淡々と降る雨
今日も雨。
どんよりとした日々が続き、校舎内を歩く生徒の足取りも重く、会話も弾んでいない。授業にも覇気がなく、心の中で吐くため息が聞こえてきそうである。
そんな中、おれは外を見ていた。授業をする先生の声も遠くから聞こえるほど外に見入っていた。
窓の外から聞こえるかすかな雨の音、淡々と雨の滴で揺れる葉達。その静かな風景の中を車が通り過ぎる。そんな繰り返しの風景を見ていただけだった。
「今日も雨だな。」
そう言って康太も一緒に窓の外を眺めた。授業が終わったというのに笑い声の一つも聞こえない。
「そうだな。」
「もうすぐ夏休みだな。陣はどうするんだよ。」
康太は窓を見るのを止めて、陣の方を見て聞いた。
「どうするって何が。」
「何がって、夏休みどっか行くとかさ、何をするとかさ。」
「あぁ…」
康太の質問に答える言葉は出てこなかった。心の中では色々なことを思ったが口には出せなかった。
「あぁってな…」
康太もそんな答え方が返ってくるような気がしていたのだろうか。何も答えないおれに対してどこか納得しているかのようだった。
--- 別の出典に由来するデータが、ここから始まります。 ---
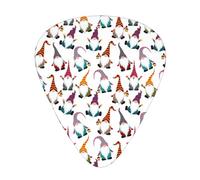 Christmas Gnomes Print Guitar Picks 12pcs for Electric Guitar Ukulele Accessories for Girls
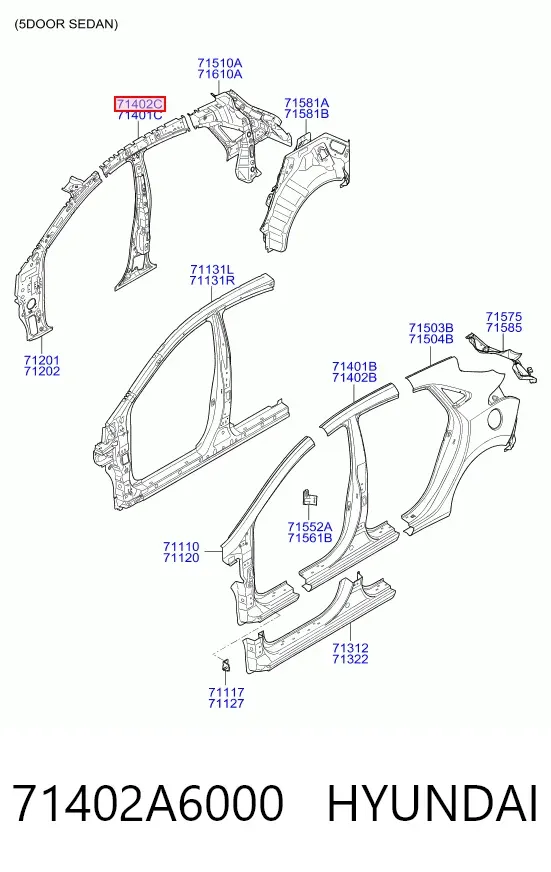  71402A6000 Hyundai/Kia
「もう明後日から夏休みだぜ?夏休みっていったら、1年の中でも最大のイベントだ。しかも、そのイベントは自分自身でどんなイベントにするか好きなように考えていいんだぜ?それなのにおかしいだろ『あぁ…』ってのはさ。」
康太の声のトーンが1段階上がった。そんなこと言われたって…『あぁ…』と答えた意味を康太は知っているはずだ。おれだって答えれるなら答えたい。
「じゃあ、康太はどうするんだ?」
「おれ?おれは…」
康太もすぐ答えられかった。そのことも知っていた。お互いに知っているのに聞いてしまうのは何故だろう。
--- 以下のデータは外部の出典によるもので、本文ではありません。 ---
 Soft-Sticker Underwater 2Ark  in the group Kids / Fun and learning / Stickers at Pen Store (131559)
何故かもわかってるのにそれに当てはまる言葉など見つからない。言葉にできないことを説明などできない。だから、こうやって答えられない質問を聞きあっているのだろう。
「おれは…なんでおれなんだよ。おれが聞いた質問だろ?」
康太は怒っているのだろうか。そう聞きたくなるような表情と声。でも、怒っていないことはわかっている。この話の答えなど、どこにもないのだ。
「ごめん。ちょっとトイレ言ってくる。」
そういっておれは席を離れ、トイレへと向かった。